• **Supplied records**
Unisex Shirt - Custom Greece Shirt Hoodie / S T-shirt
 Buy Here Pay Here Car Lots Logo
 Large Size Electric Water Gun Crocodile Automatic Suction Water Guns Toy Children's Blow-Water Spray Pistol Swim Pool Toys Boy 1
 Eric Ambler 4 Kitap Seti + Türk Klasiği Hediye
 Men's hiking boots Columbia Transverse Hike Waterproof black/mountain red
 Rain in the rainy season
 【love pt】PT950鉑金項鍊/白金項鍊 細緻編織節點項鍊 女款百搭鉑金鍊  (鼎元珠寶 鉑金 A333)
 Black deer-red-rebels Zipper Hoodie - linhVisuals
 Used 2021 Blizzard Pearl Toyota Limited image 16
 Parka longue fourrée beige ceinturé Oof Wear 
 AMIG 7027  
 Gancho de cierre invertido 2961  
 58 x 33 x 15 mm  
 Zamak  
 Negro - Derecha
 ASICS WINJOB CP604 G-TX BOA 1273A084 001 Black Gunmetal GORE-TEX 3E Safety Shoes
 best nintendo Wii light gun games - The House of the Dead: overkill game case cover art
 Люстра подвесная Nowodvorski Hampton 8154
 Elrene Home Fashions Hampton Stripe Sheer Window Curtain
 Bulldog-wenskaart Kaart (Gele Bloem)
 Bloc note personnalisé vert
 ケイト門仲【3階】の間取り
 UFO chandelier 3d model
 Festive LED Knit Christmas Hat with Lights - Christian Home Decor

• **Task instructions**
Please find every line in the listing that holds the string "Hoodie" and copy it.

• **Output for this exercise**
Unisex Shirt - Custom Greece Shirt Hoodie / S T-shirt
 Black deer-red-rebels Zipper Hoodie - linhVisuals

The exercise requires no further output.